▸ **Task to complete**:
Retype the following records exactly and exclude the pictures.

▸ **Material provided**:
'''
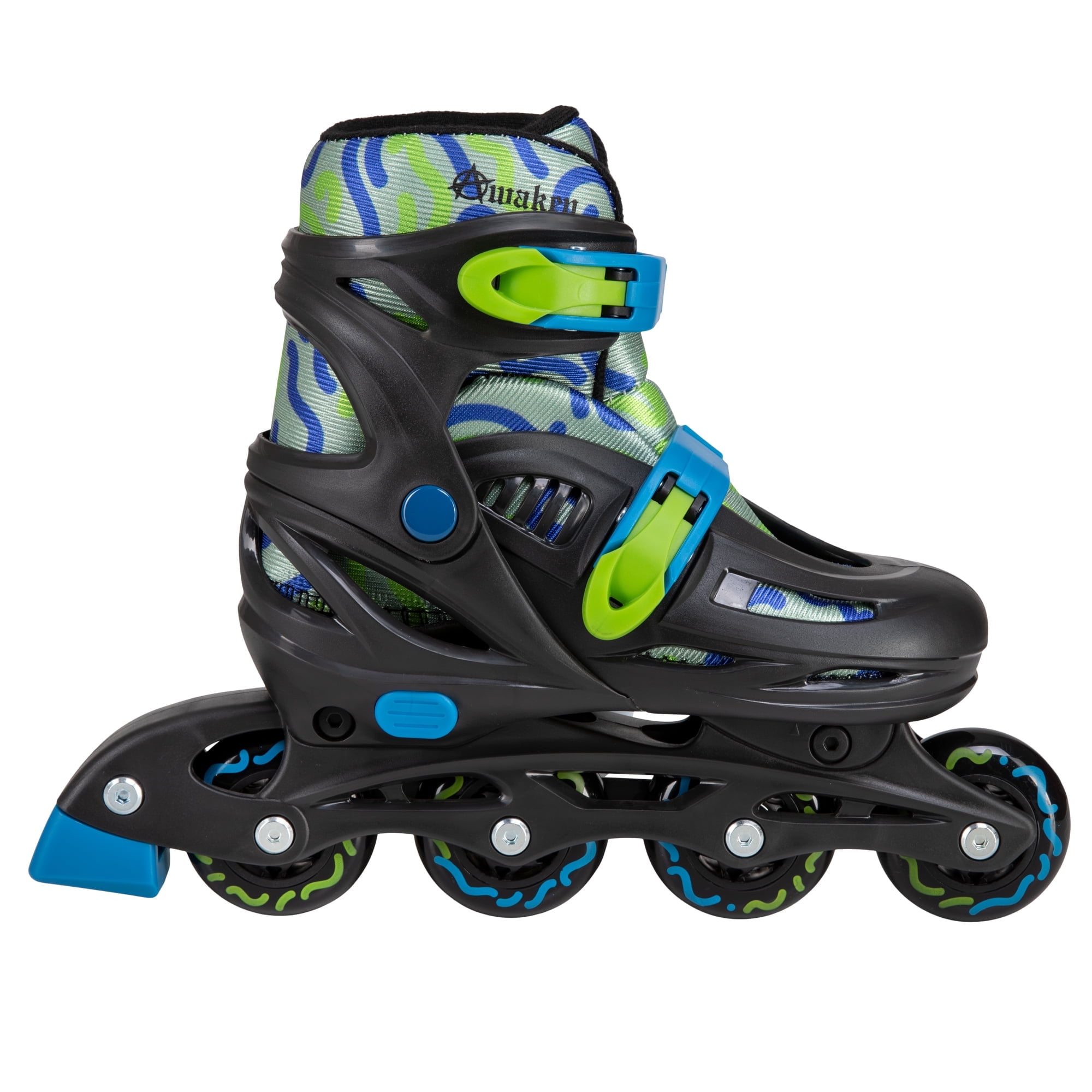 Awaken Adjustable Size Inline Roller Skates Kids Youth Boys Girls Youth (Blue/Green, Kids 7- Kids 9)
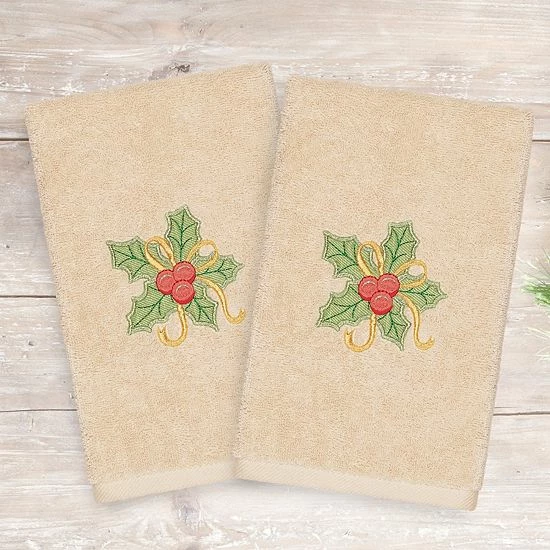 Linum Home Textiles Christmas 2-pack Holly Bunch Embroidered Luxury Turkish Cotton Hand Towels Sand Linum Home Textiles Christmas 2-pack Holly Bunch Embroidered Luxury Turkish Cotton Hand Towels Sand -Linum Home Textiles store unnamed file 6810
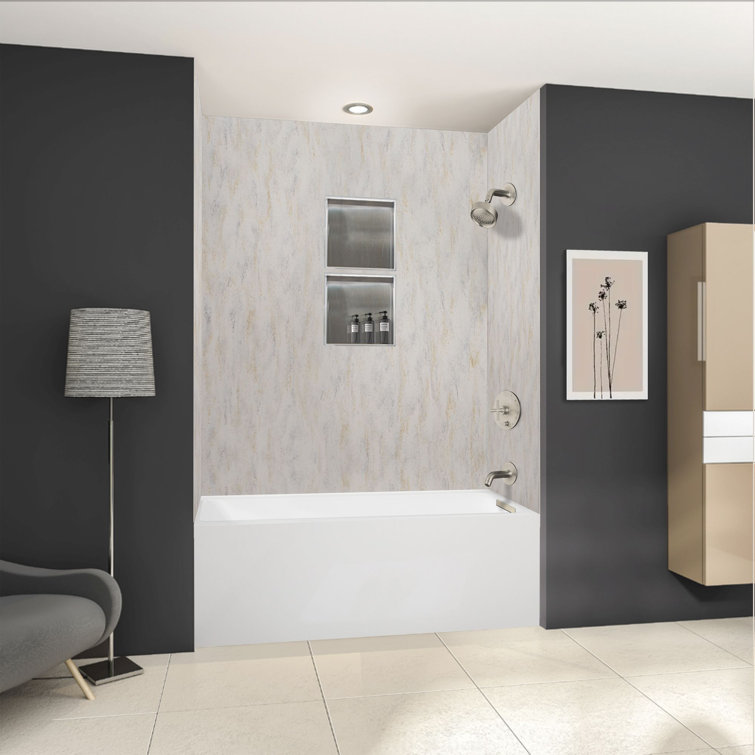Transolid Unity 60-in x 32-in x 20-in Alcove Acrylic Bathtub Kit With Left Hand Drain, White/Polished Chrome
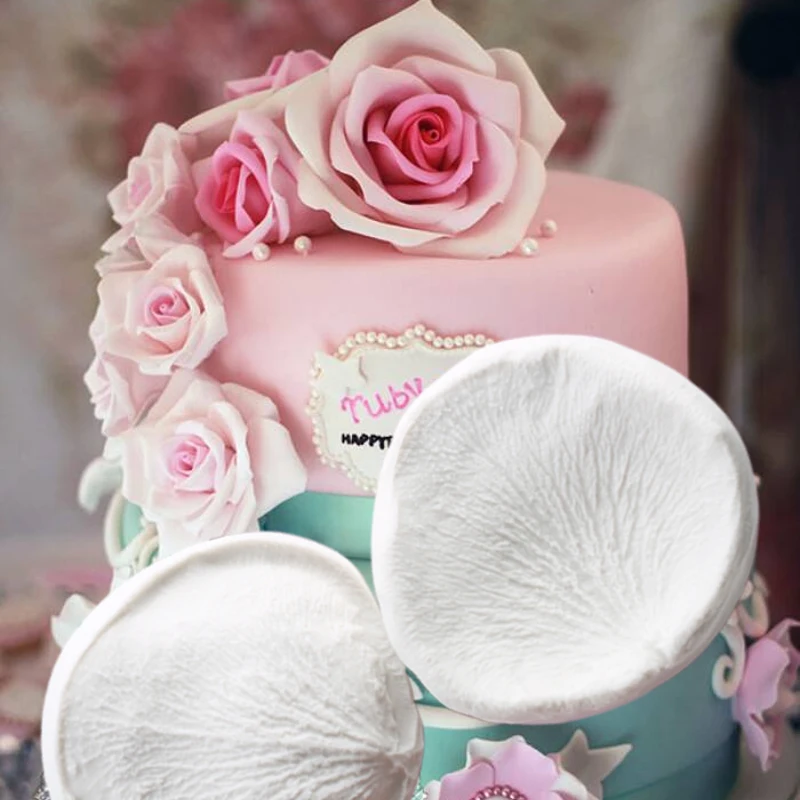 Grande Flor De Rosa e Veiners Moldes De Silicone, Fondant Sugarcraft, Argila De Resina Gumpaste, Papel De Água, Ferramentas De Decoração Do Bolo,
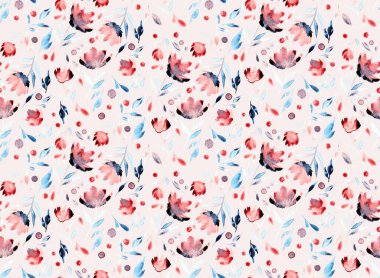 Renkli çiçeklerle renksiz, parlak desenli el çizimi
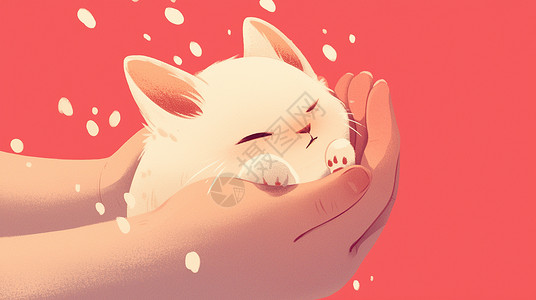 红色背景白色可爱的卡通小宠物兔插画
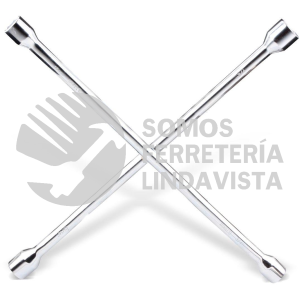 CC-1 LLAVE DE CRUZ CROMADA 18" 13/16"-3/4"-17MM-7/8" MIKELS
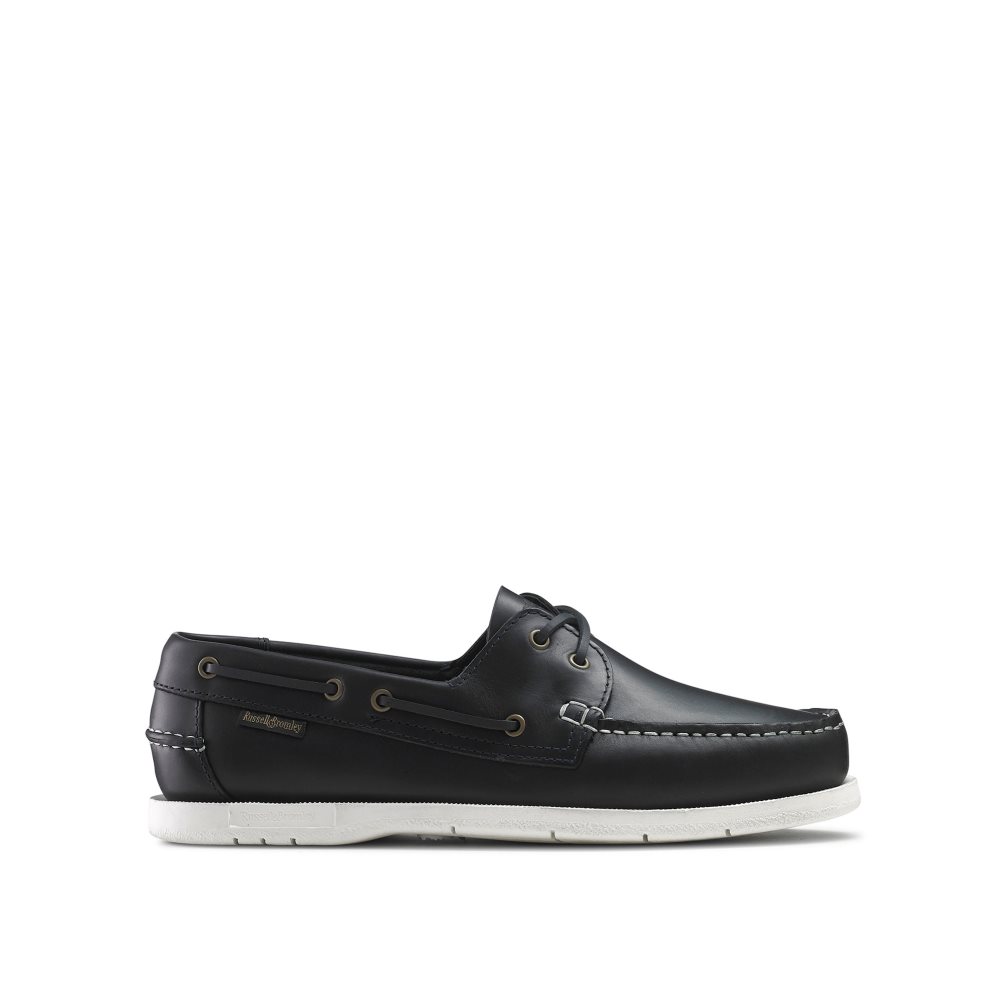 Pánské Boty Casual Russell & Bromley Bowline Waxy Læder Deck Černé | CZ-85013E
'''
▸ **The completed task**:
 Awaken Adjustable Size Inline Roller Skates Kids Youth Boys Girls Youth (Blue/Green, Kids 7- Kids 9)
 Linum Home Textiles Christmas 2-pack Holly Bunch Embroidered Luxury Turkish Cotton Hand Towels Sand Linum Home Textiles Christmas 2-pack Holly Bunch Embroidered Luxury Turkish Cotton Hand Towels Sand -Linum Home Textiles store unnamed file 6810
Transolid Unity 60-in x 32-in x 20-in Alcove Acrylic Bathtub Kit With Left Hand Drain, White/Polished Chrome
 Grande Flor De Rosa e Veiners Moldes De Silicone, Fondant Sugarcraft, Argila De Resina Gumpaste, Papel De Água, Ferramentas De Decoração Do Bolo,
 Renkli çiçeklerle renksiz, parlak desenli el çizimi
 红色背景白色可爱的卡通小宠物兔插画
 CC-1 LLAVE DE CRUZ CROMADA 18" 13/16"-3/4"-17MM-7/8" MIKELS
 Pánské Boty Casual Russell & Bromley Bowline Waxy Læder Deck Černé | CZ-85013E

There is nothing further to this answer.